Wildcats licking their wounds heading into Longhorns matchup
Quarterback Joe Hubener was sacked twice last week by an Oklahoma Sooners defense that has been regularly shredded.
Mark D. Smith / USA TODAY Sports
MANHATTAN, Kan. -- Kansas State has dropped two of its first three Big 12 games, sits squarely at .500 at the midway point of the season and now has Texas looming with injury uncertainty at quarterback.
Make no mistake: These Wildcats are wounded.
"You win some, you lose some. You have to keep moving on to the next week," Kansas State linebacker Elijah Lee said. "We have six games left -- a half of a season in front of us."
Those six games will determine whether the Wildcats will qualify for a bowl game, build some momentum heading into next season, and perhaps even whether 77-year-old Bill Snyder decides to come back for yet another pursuit of a conference championship in his second go-around as head coach.
The next couple of games are particularly crucial.
First up is Texas, which has looked imminently beatable this season but nearly knocked off the same Oklahoma team that trounced the Wildcats on Saturday.

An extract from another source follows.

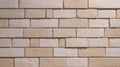Textured tan brick wall patterned in neat rows. AI image Royalty Free Stock Photo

Then comes a trip to Iowa State, which has given a hard time to just about everybody it has played but is still seeking its first league win.

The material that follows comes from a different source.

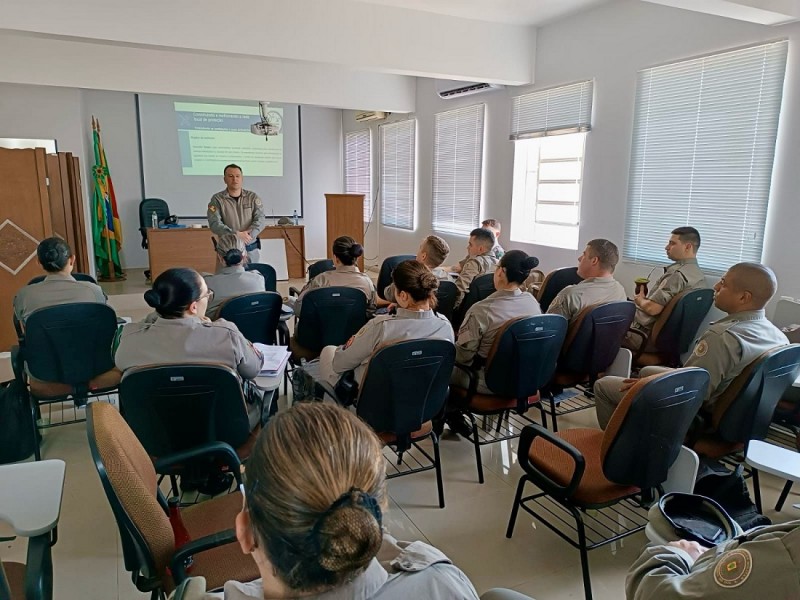 Curso de Capacitação Patrulha Maria da Penha no Vale do Rio Pardo habilitando 21 policiais militares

Win those two games and the Wildcats could still salvage a solid season.
Lose both and the season could have slipped away.

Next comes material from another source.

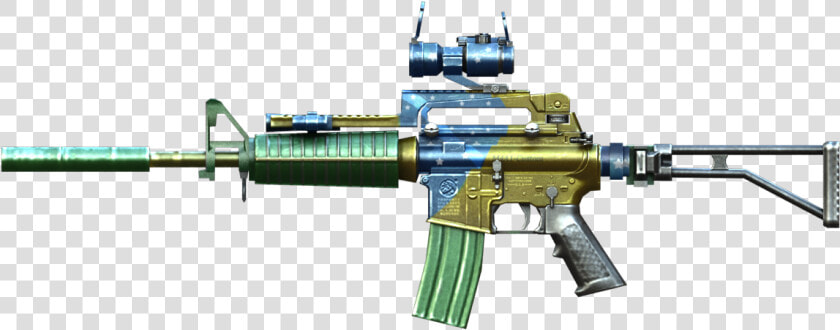 M4a1 Custom Brazil   Assault Rifle  HD Png DownloadTransparent PNG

Making things even more desperate for the Wildcats is that they could be facing the Longhorns without quarterback Jesse Ertz, who was hurt just before halftime on Saturday. He tried to continue in the second half but pulled himself from the game after attempting one pass.
Joe Hubener, who started after Ertz was lost for the season a year ago, entered in relief and had a hard time moving the offense. He was just 12 of 23 for 157 yards, but a big chunk of that came on a 54-yard touchdown toss to Dominique Heath that took advantage of some rare broken coverage.
Hubener was sacked twice by a Sooners defense that has been regularly shredded.
"I think he was ready," Snyder insisted afterward. "He made some mistakes and threw some balls in the dirt, but I think if you took those away he would grade out comfortably well."
The Wildcats certainly weren't willing to put the blame on their quarterback. After all, those who were around last season have actually spent more time with Hubener than Ertz on the field.
"I'm already used to Joe," said running back Charles Jones, who was held to 34 yards rushing by the Sooners. "We played with him last year so it wasn't a big change. I felt he stepped up, made some plays but too little, too late. We all didn't make the plays."
That has been a common problem for the Wildcats this season.
Their offense was lackluster in a season-opening loss to Stanford, then had to settle for three field goals in a 17-16 loss at West Virginia. Their slow start on Saturday allowed the Sooners to get out to an early lead, forcing them to bail out of what has been a relatively productive run game.
Perhaps more worrying for the Wildcats? Their defense, which had been among the best in Division I football, has been exposed in consecutive games against Texas Tech and the Sooners.
"They weren't doing anything that we weren't expecting. It was just struggling on the tackling," Kansas State defensive end Jordan Willis said. "Guys were hitting them, but they just weren't wrapping up -- just fundamental things. It's small things that just didn't go our way."
Those are the kind of mistakes that were once rarely seen in Snyder-coached teams, but that have become a source of frustration last season and again this season.
"Not doing the assignment that was asked of you was really what happened," Willis said. "It's a matter of correcting mistakes. It's the biggest thing we've got to do."